___ Information provided ___
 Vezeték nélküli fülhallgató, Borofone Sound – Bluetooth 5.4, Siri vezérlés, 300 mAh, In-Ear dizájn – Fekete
___
___ Information provided ___
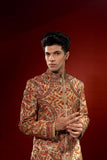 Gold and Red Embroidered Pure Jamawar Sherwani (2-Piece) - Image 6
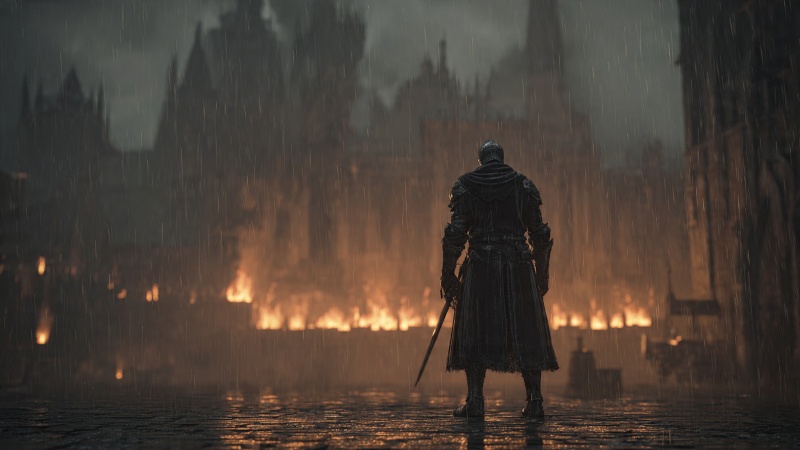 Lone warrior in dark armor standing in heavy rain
___
### [The problem]
Please repeat the lines of the material above exactly, starting with the line that contains "Gold and Red" and ending with the line that contains "Lone warrior in". Leave the pictures out.

### [Exercise output]
 Gold and Red Embroidered Pure Jamawar Sherwani (2-Piece) - Image 6
 Lone warrior in dark armor standing in heavy rain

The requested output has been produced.